Sirkku and Patrick in their field. To improve soil health, six different species of grass were sown three summers ago, supplementing as needed later. Last year, the field was subsoiled, or loosened up, so that deep-rooted grasses would be able to make the soil more friable as efficiently as possible.


We are gathered in Verkatakkila not only to have a nice chat, but also to film some new material for our upcoming online training platform. Our photographer jumps on board the machine and in the meantime Sirkku and I talk about being part of Carbon Action.

“It is empowering to see that you can in fact improve soil health. You are less at the mercy of the weather and able to make a difference,” Sirkku says.

I was positively surprised, because this is what we are aiming for in Carbon Action: the feeling that you can make a difference through your actions. There is hope!

Each farm involved in Carbon Action has outlined a part of a field for testing. One side of the plot is used for testing soil carbon storage, and the other one is used as a reference area. Sirkku and Patrick focus on deep-rooted and collector crops. We are now following the sowing of the test segment, where malting barley and collector crops are being sown simultaneously.


“I don’t feel like talking about agricultural politics. I’m really not that good at it. Or, I do have my opinions, but I’d rather not talk about them”, says Sirkku, and I agree. I tell her that I do not care for a conversation about agricultural politics either right now. A few moments later, we both notice that we are speaking agriculture politics quite fluently, which we find quite funny.

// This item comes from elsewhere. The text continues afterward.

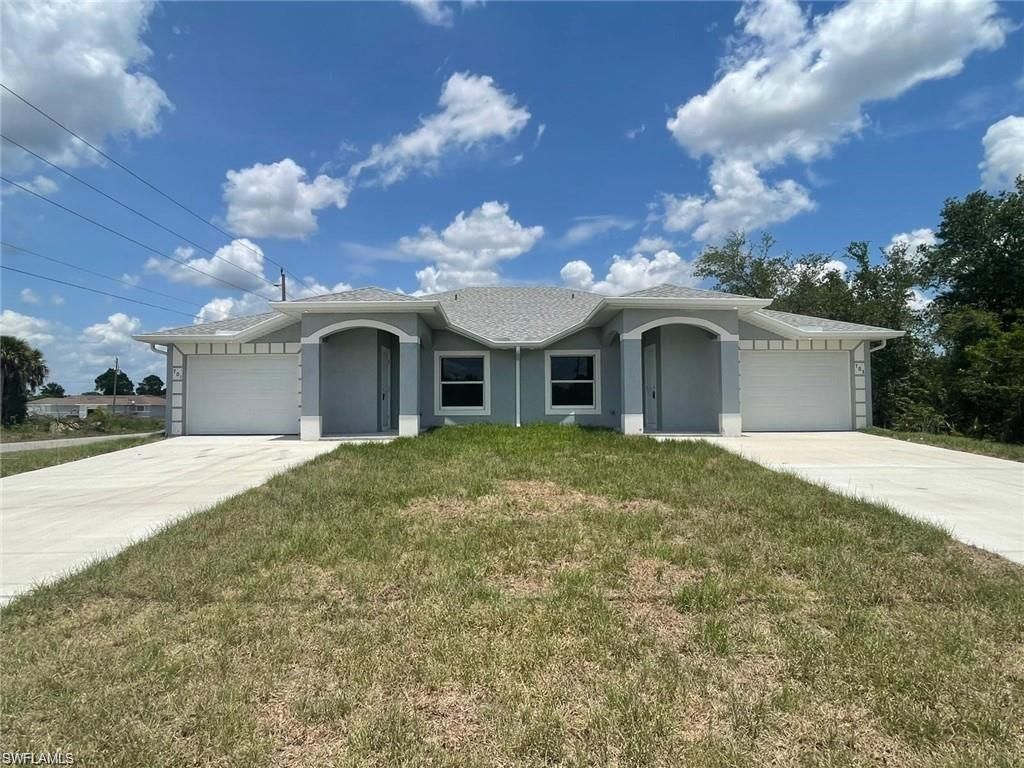4609/4611 Leonard BLVD S, LEHIGH ACRES, FL 33973 — exterior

Patrick stops the seed distributor, and the photographer leaps out. “It is quite dusty. Do you want me to shoot all this dust?” the photographer asks. We all agree that dust is part of the picture in agriculture, especially when sowing during a dry period. Few are the farms on which the conditions are so favourable during the sowing season that no dust would emerge, and no topsoil would be carried away with the wind. The dust ends up in the film, which portrays authentic agriculture, not an idealized version.

The photographer in dusty conditions on board the seed distributor. Patrick sowing malting barley and collector crops on a Carbon Action test segment.

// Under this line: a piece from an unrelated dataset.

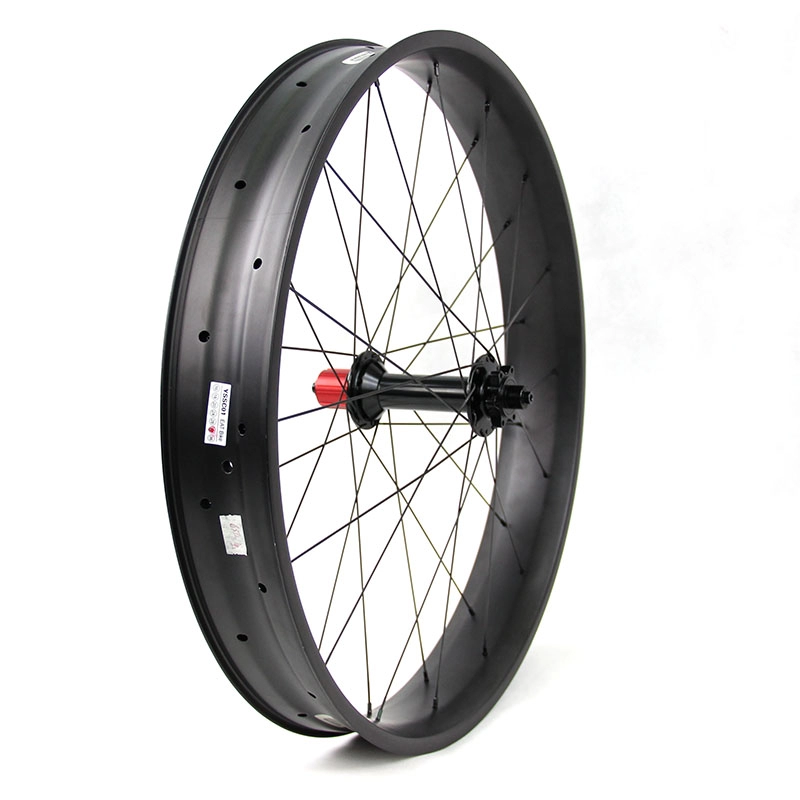 ProX Carbon Fat Bike Wheels Powerway Fat Tire Bike Wheel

Maybe it is less important to categorize things into dos and don’ts within carbon farming? Each farm is unique, and the important thing is to be able to see the big picture and put things into perspective.   

“On a production field, carbon will simultaneously be sequestered and released, and the combined effects of different measures determine whether the carbon balance turns out positive or negative,” Sirkku sums up.


Small deeds towards nurturing diversity can grow the diversity of the field.

“Hey, come here and take a picture of this too!” Sirkku calls us, pointing to a small forest island in the middle of the fields. A small, low-yielding strip of grass has been left on its edges, away from crop production, to increase diversity.

The forest island is a good example of the variety of ways in which things can be done  –you don’t always have to make big changes when trying to improve diversity. 

We talk about the small and the big things that can be done. Sirkku and Patrick reckon it is about trying and daring. About attitude.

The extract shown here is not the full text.